--- TASK STATEMENT ---
Give the listing again in full and exactly, apart from its pictures.
── INFORMATION SUPPLIED ──
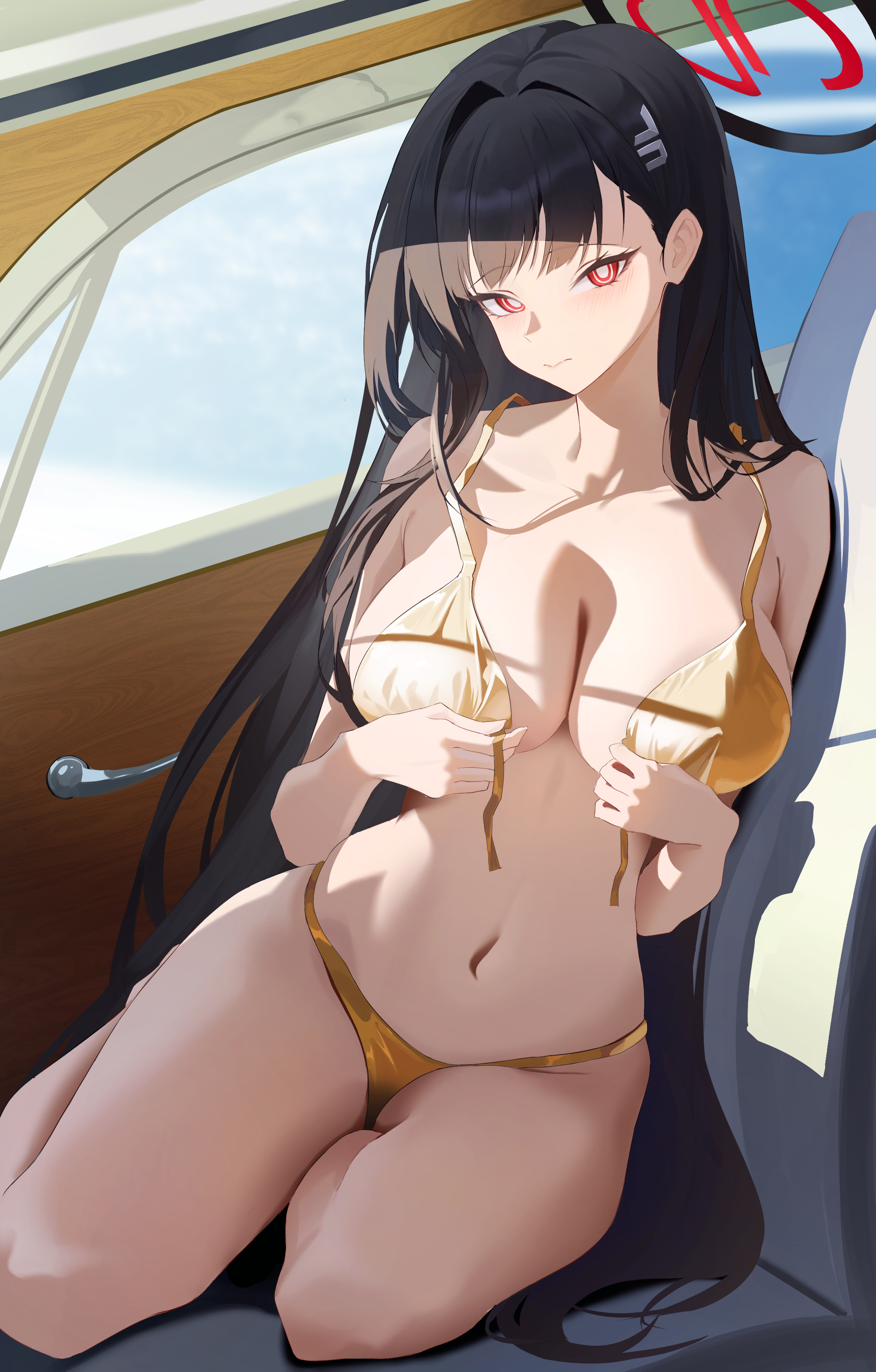 bikini blue_archive halo swimsuits szai tsukatsuki_rio undressing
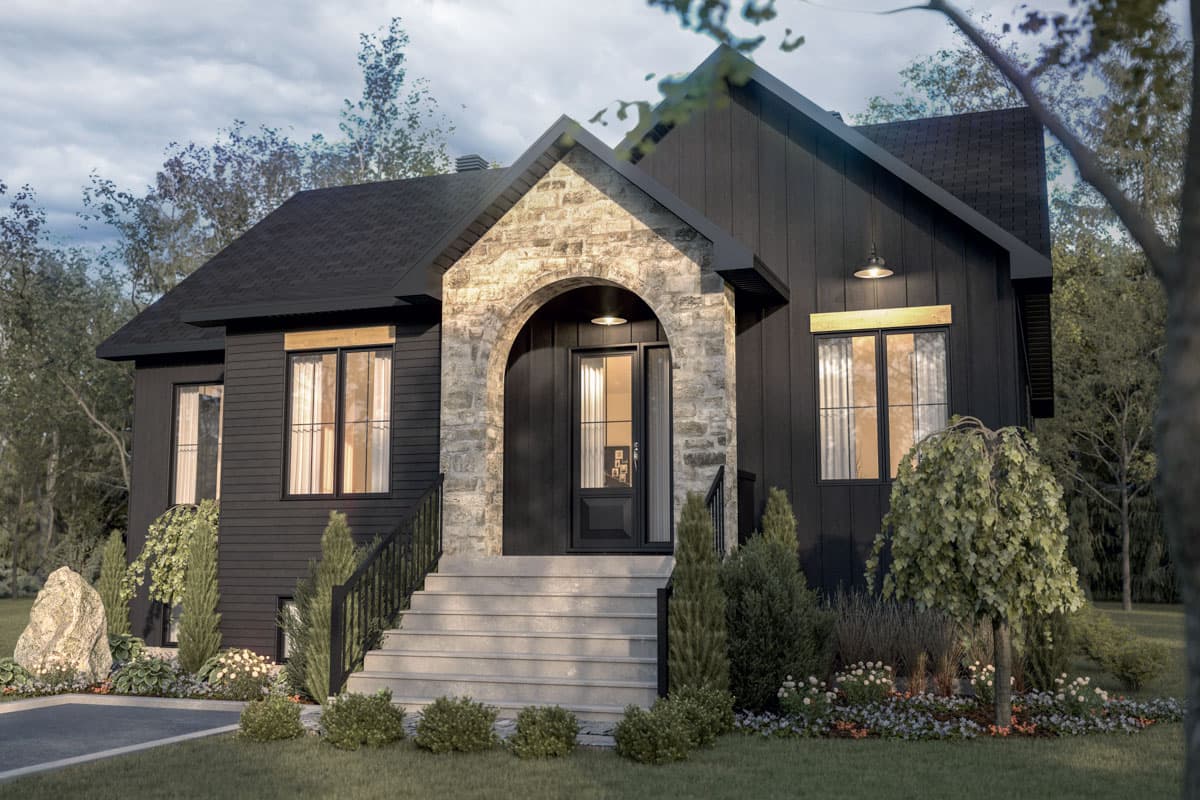 House plan exterior. Two-story home with a stone-arched entry and a gable roof. Features include a front porch and board and batten siding.
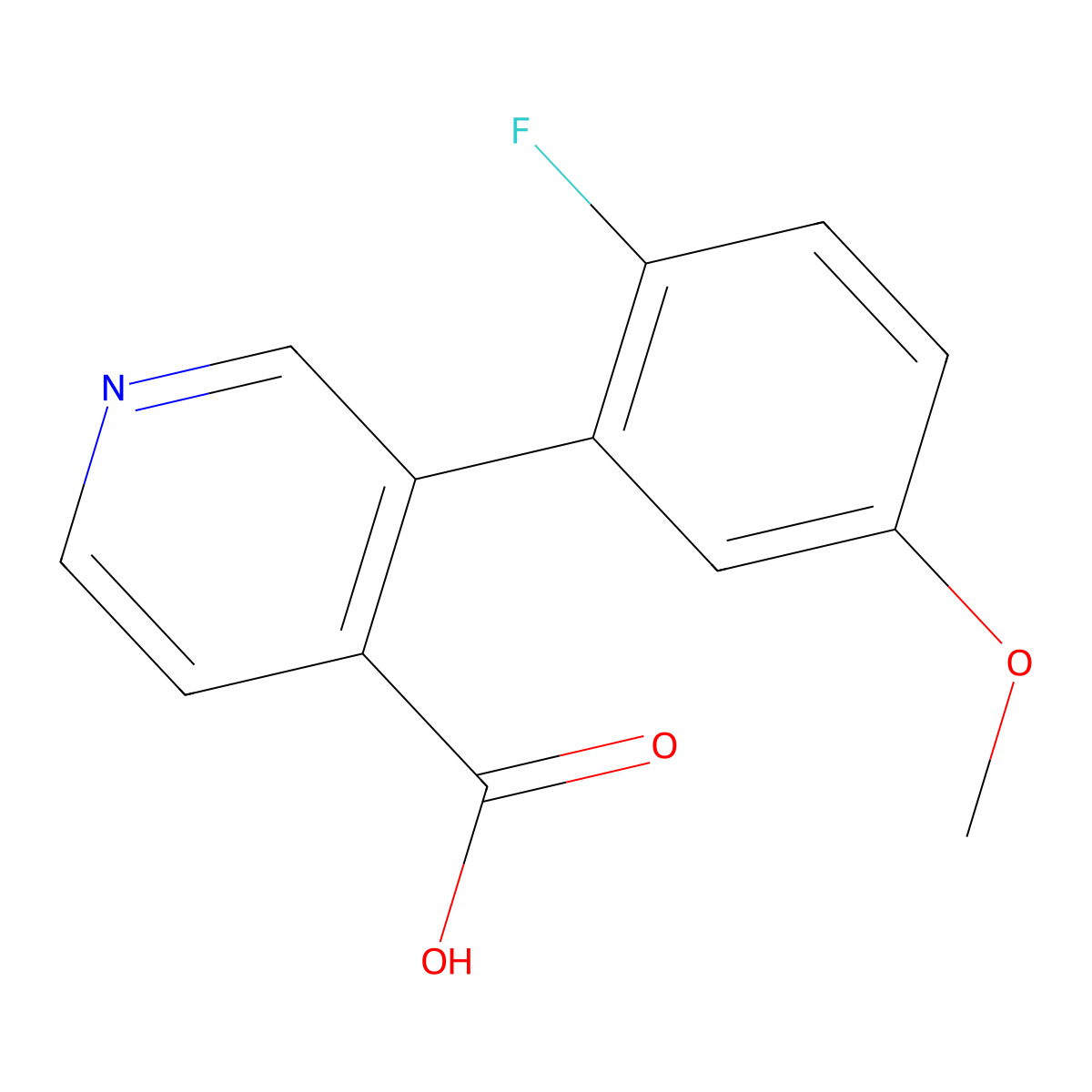 3-(2-Fluoro-5-methoxyphenyl)isonicotinic acid molecular structure, CAS 1261961-52-7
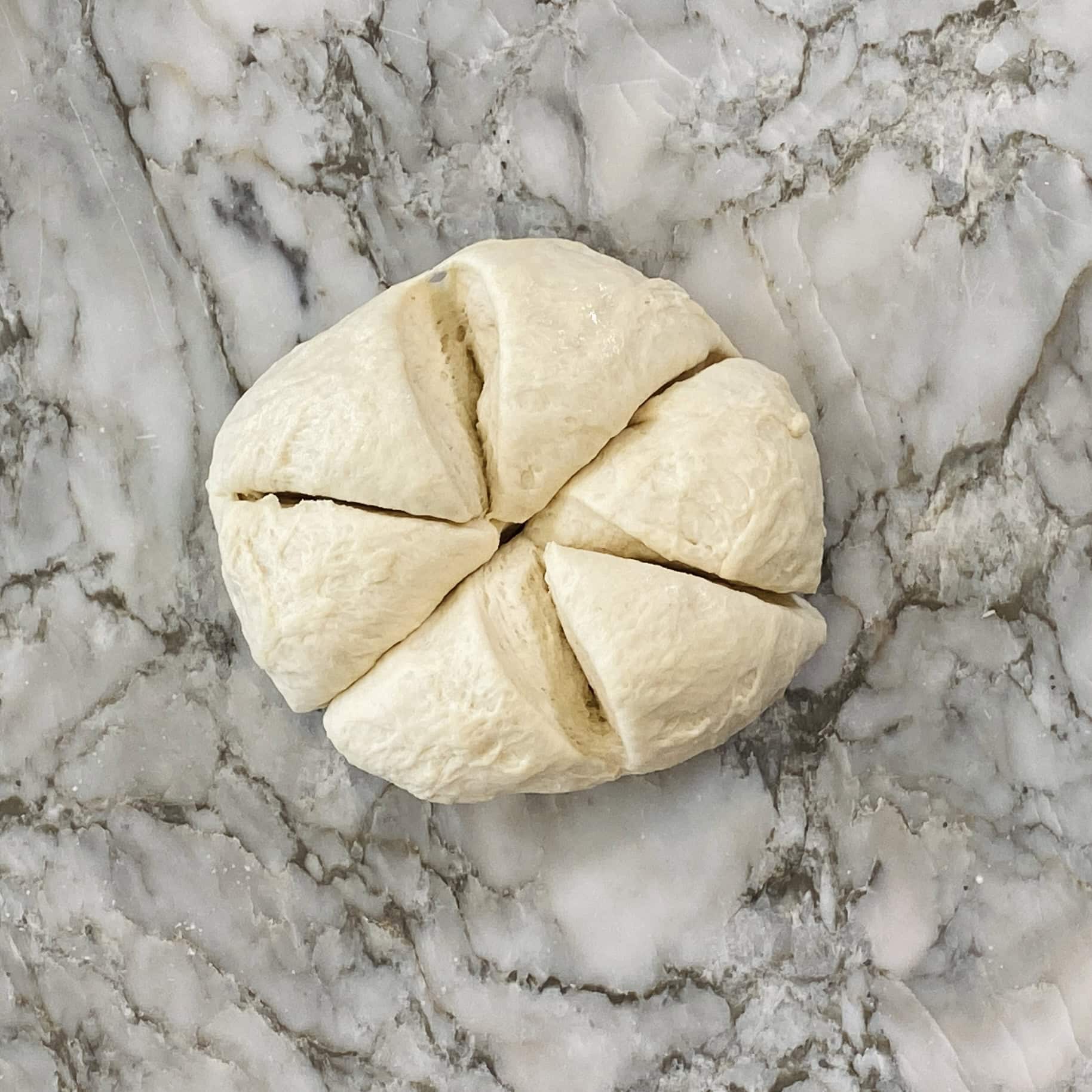 dough divided into six parts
───
--- ANSWER FOR THIS EXERCISE ---
 bikini blue_archive halo swimsuits szai tsukatsuki_rio undressing
 House plan exterior. Two-story home with a stone-arched entry and a gable roof. Features include a front porch and board and batten siding.
 3-(2-Fluoro-5-methoxyphenyl)isonicotinic acid molecular structure, CAS 1261961-52-7
 dough divided into six parts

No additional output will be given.